Using multivariate analysis, there was a significant negative correlation between pretreatment FD-Full and the change in FD-Full (p < 0.001), pretreatment FAZ area and the change in FD-Full (p=0.039), pretreatment FD-SCP and the change in FD-SCP (p < 0.001), pretreatment FD-DCP and the change in FD-DCP (p < 0.001), and pretreatment FAZ area and the change in FD-DCP (p=0.044).

3.5. Factors Associated with Posttreatment Changes in Vascular Density (6 × 6 Protocol Only)

Using univariate analysis with Spearman's rank test, there was a statistically significant negative correlation between pretreatment VD-Full and the change in VD-Full (r = −0.560, p < 0.001) (Figure 5(c)), pretreatment VD-SCP and the change in VD-SCP (r = −0.497, p = 0.001), the change in CMT and the change in VD-SCP (r = −0.389, p = 0.013) (Figure 5(d)), and pretreatment VD-DCP and the change in VD-DCP (r = −0.441, p = 0.004). The CMT at baseline positively correlated with the change in VD-SCP only (r = 0.319, p = 0.045).

Using multivariate analysis, there was a significant negative correlation between pretreatment VD-Full and the change in VD-Full (p < 0.001), pretreatment FAZ area and the change in VD-Full (p = 0.017), pretreatment skeleton VD-SCP and the change in VD-SCP (p < 0.001), hypertension and the change in VD-SCP (p = 0.001), type of DM and the change in VD-SCP (p = 0.01), pretreatment FAZ area and the change in VD-SCP (p = 0.005), and pretreatment FD-DCP and the change in VD-DCP (p = 0.001)(p = 0.001).

3.6. Factors Associated with Posttreatment Changes in Skeleton Vascular Density (6 × 6 Protocol Only)
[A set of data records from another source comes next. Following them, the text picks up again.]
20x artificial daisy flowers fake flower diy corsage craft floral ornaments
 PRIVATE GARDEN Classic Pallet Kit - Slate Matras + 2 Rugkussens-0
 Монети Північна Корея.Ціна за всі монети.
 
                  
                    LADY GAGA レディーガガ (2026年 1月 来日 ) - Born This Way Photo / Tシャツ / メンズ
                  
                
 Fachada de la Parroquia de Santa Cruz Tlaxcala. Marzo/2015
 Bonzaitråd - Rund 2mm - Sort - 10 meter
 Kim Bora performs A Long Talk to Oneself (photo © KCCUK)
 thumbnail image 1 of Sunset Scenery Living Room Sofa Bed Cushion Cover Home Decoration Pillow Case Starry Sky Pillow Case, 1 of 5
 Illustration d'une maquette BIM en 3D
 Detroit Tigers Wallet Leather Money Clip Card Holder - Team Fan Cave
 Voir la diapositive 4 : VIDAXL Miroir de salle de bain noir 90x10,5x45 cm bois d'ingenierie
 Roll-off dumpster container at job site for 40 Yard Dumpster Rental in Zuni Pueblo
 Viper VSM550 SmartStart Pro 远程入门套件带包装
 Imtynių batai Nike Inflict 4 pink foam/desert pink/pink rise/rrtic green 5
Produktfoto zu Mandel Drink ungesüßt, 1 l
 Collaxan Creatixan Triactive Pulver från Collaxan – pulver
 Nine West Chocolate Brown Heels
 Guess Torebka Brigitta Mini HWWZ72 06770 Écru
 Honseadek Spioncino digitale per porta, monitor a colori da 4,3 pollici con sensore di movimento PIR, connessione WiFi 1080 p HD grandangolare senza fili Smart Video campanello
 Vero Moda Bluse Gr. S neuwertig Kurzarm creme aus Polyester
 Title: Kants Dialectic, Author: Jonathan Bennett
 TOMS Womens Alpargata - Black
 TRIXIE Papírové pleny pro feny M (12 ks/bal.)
Using univariate analysis with Spearman's rank test, there was a statistically significant negative correlation between pretreatment skeleton VD-Full and the change in skeleton VD-Full (r = −0.694, p < 0.001) (Figure 5(e)), pretreatment skeleton VD-SCP and the change in skeleton VD-SCP (r = −0.667, p < 0.001), the change in CMT and the change in skeleton VD-SCP (r = −0.377, p = 0.016), and pretreatment skeleton VD-DCP and the change in skeleton VD-DCP (r = −0.508, p = 0.001). The severity of retinopathy at baseline positively correlated with the change in skeleton VD-DCP only (r = 0.365, p = 0.021).

Using multivariate analysis, there was a significant negative correlation between pretreatment skeleton VD-Full and the change in skeleton VD-Full (p < 0.001), pretreatment skeleton VD-SCP and the change in skeleton VD-SCP (p < 0.001), and pretreatment FD-DCP and the change in skeleton VD-DCP (p < 0.001).

4. Discussion

Our study was a prospective interventional case series done to evaluate the effect of repeated intravitreal anti-VEGF injections on the macular perfusion of diabetic patients with DME using OCTA. A total of 40 eyes of 26 patients were successfully imaged before and after 3 monthly intravitreal anti-VEGF injections using the 6 × 6 mm macular scan protocol of OCTA, while 9 eyes of 6 patients were imaged using the 3 × 3 mm macular scan protocol. All patients were treatment naïve at the beginning of the study and were treated with 3 intravitreal bevacizumab injections for DME during the study.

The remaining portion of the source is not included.